Das litauische Parlament schränkt die Reisefreiheit von Staatsangestellten mit Zugang zu klassifizierten Informationen ein.
Der litauische Nachrichtendienst ist alarmiert. «Die Aktivitäten der Geheimdienste feindlicher Staaten gegenüber Litauen werden immer aggressiver und gefährlicher», heisst es auf der Website des Departements für Staatssicherheit. Die grösste Gefahr gehe von Litauens Nachbarstaaten Russland und Weissrussland aus.
Vor diesem Hintergrund ist auch der jüngste Entscheid des Parlaments zu verstehen. Eine Mehrheit hat am Donnerstag entschieden, dass Personen, die Zugang zu geheimen Informationen haben, nicht länger in «unfreundliche Länder» wie Russland, Weissrussland oder China reisen dürfen. Nach Angaben des litauischen Verteidigungsministeriums sind vom Entscheid 56 000 Personen betroffen. Eine entsprechende Regelung ist bereits für Soldaten und Staatsbeamte in Kraft.
Die Begründung: nationale Sicherheit
Der Verteidigungsminister Laurynas Kasciunas begründete die Reiseeinschränkungen mit der nationalen Sicherheit. Auch der Vorsitzende der aussenpolitischen Kommission des Parlaments verwies in der Debatte darauf, dass «totalitäre Regime» Litauerinnen und Litauer für ihre Zwecke rekrutierten, um die Gesellschaft zu destabilisieren.
Tatsächlich haben Rekrutierungsversuche laut dem litauischen Nachrichtendienst zugenommen. Der Kreml hatte schon immer grosses Interesse an vertraulichen Informationen aus dem Westen. Seit Russland die Ukraine angegriffen hat, sind sie weiter gestiegen. Zwischen 2014 und 2024 wurden in Litauen elf litauische Staatsbürger und drei Ausländer wegen Spionage zu Gefängnisstrafen verurteilt, neunzehn Diplomaten mussten das Land aus demselben Grund verlassen.
Mit den ausgewiesenen Diplomaten verschwand eine etablierte Form der Spionage, und seither sucht der Kreml nach neuen Wegen, um an Informationen zu gelangen. Die russischen Grenzbehörden sind Teil des Inlandsgeheimdienstes FSB. Eine bekannte Methode ist es, Reisende an der Grenze aufzuhalten, sie auszufragen und unter Druck zu setzen. Westliche Geheimdienste – allen voran die baltischen – raten unter anderem aus diesem Grund von jeglichen Reisen nach Russland ab.

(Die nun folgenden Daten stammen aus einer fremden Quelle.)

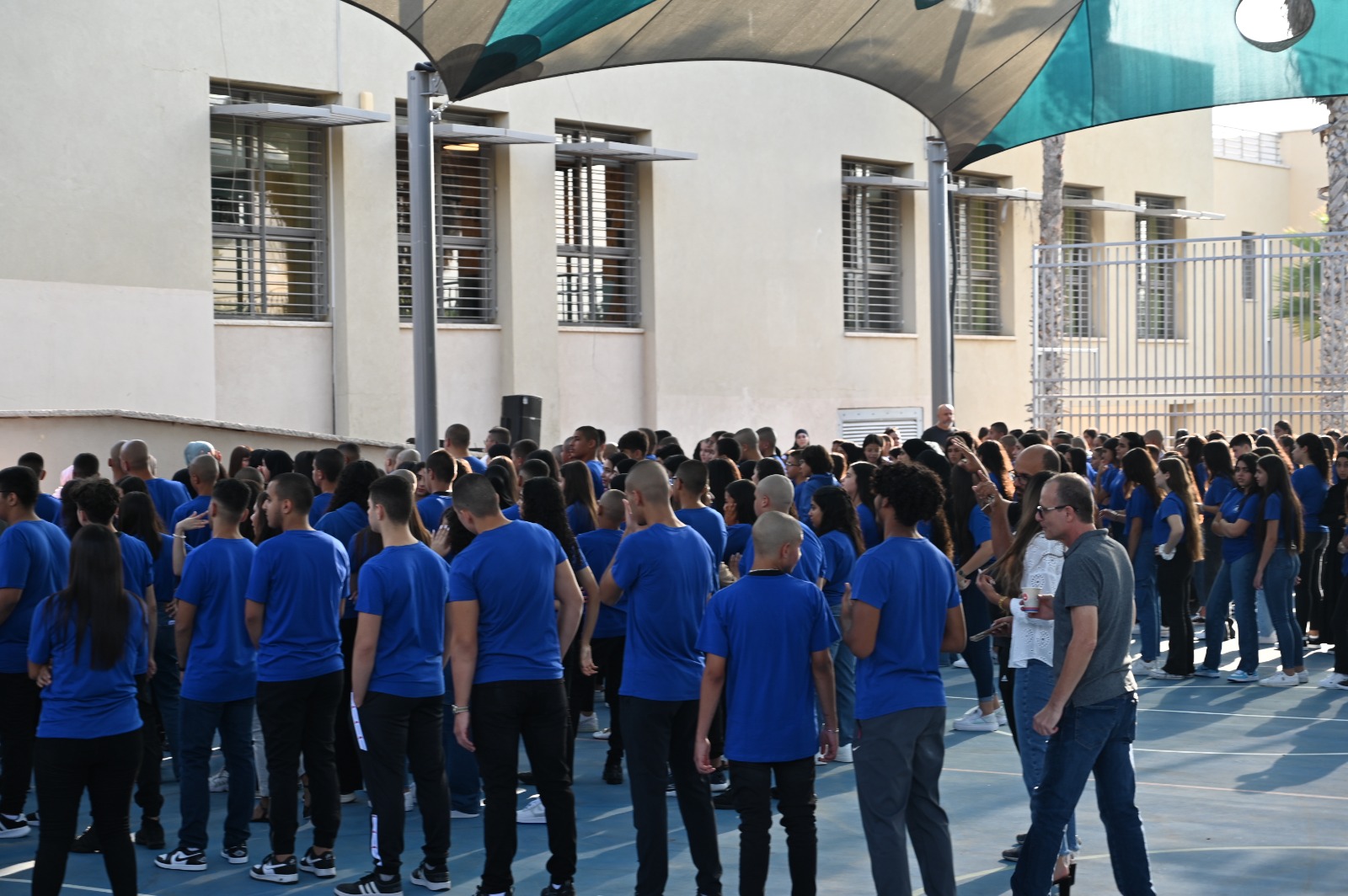  بالصور: افتتاح العام الدراسي الجديد - بالنجاح والتوفيق لطلابنا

Welche Länder auf der Verbotsliste landen werden, wird die litauische Regierung noch definieren. Ausnahmen sollen in speziellen Situationen möglich sein, etwa bei Todesfällen naher Angehöriger. Wer gegen das Reiseverbot verstösst, verliert den Zugang zu klassifizierten Informationen. Was alles als klassifizierte Information gilt, ist nicht öffentlich bekannt.
Die Sorgen: begründet
Dass das litauische Parlament bereit ist, die Bewegungsfreiheit von Zehntausenden Menschen einzuschränken, zeigt beispielhaft, dass die Sicherheitslage im Baltikum als sehr angespannt wahrgenommen wird. Bereits seit 2015 müssen estnische Beamte und Amtsträger ihre Reisen nach Russland ihrem Arbeitgeber melden. Die lettischen Behörden empfehlen, bei Reisen nach Russland oder Weissrussland ein Prepaid-Handy mitzunehmen und Smartphones, die sonst für die Arbeit verwendet werden, zu Hause zu lassen.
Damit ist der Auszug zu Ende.